WHAT THIS TASK INVOLVES: Your output should be the lines below from the one holding "Seed Needs Garden" through the one holding "Unter anderem im", transcribed exactly, with no pictures.

GIVEN INFORMATION:
________________________
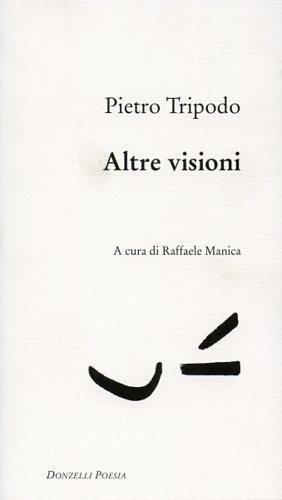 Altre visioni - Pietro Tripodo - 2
________________________
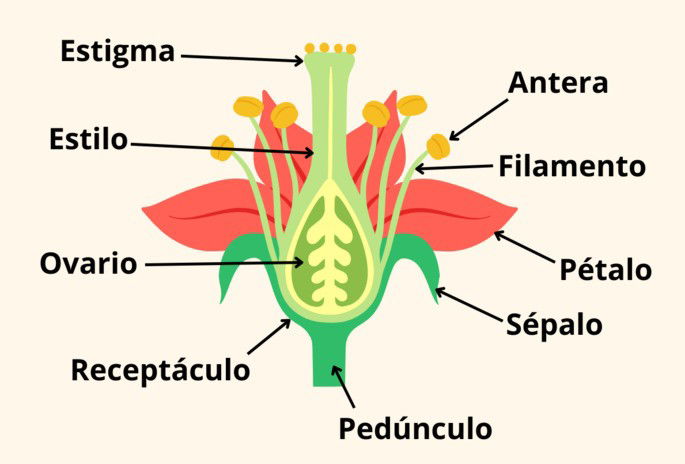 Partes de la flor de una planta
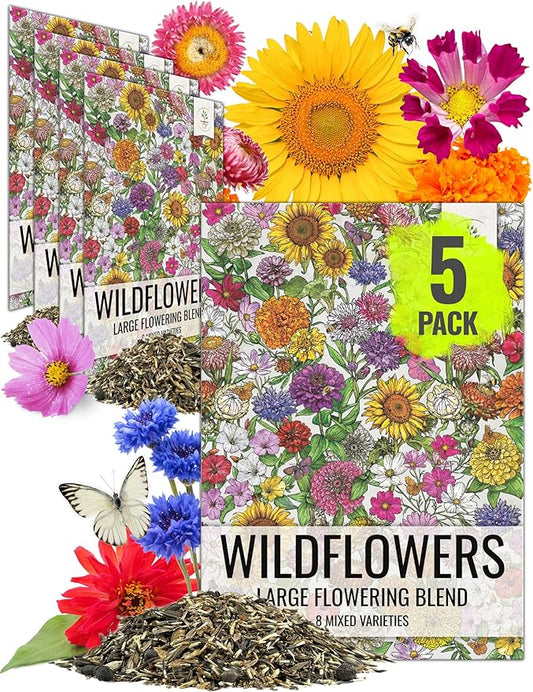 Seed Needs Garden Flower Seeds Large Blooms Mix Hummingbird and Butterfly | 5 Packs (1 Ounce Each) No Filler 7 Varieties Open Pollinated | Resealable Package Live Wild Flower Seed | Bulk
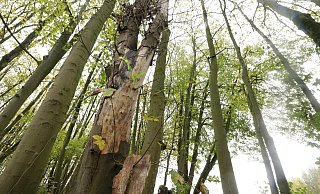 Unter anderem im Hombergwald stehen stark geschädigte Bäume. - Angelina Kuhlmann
________________________
OUTPUT OF THE TASK:
 Seed Needs Garden Flower Seeds Large Blooms Mix Hummingbird and Butterfly | 5 Packs (1 Ounce Each) No Filler 7 Varieties Open Pollinated | Resealable Package Live Wild Flower Seed | Bulk
 Unter anderem im Hombergwald stehen stark geschädigte Bäume. - Angelina Kuhlmann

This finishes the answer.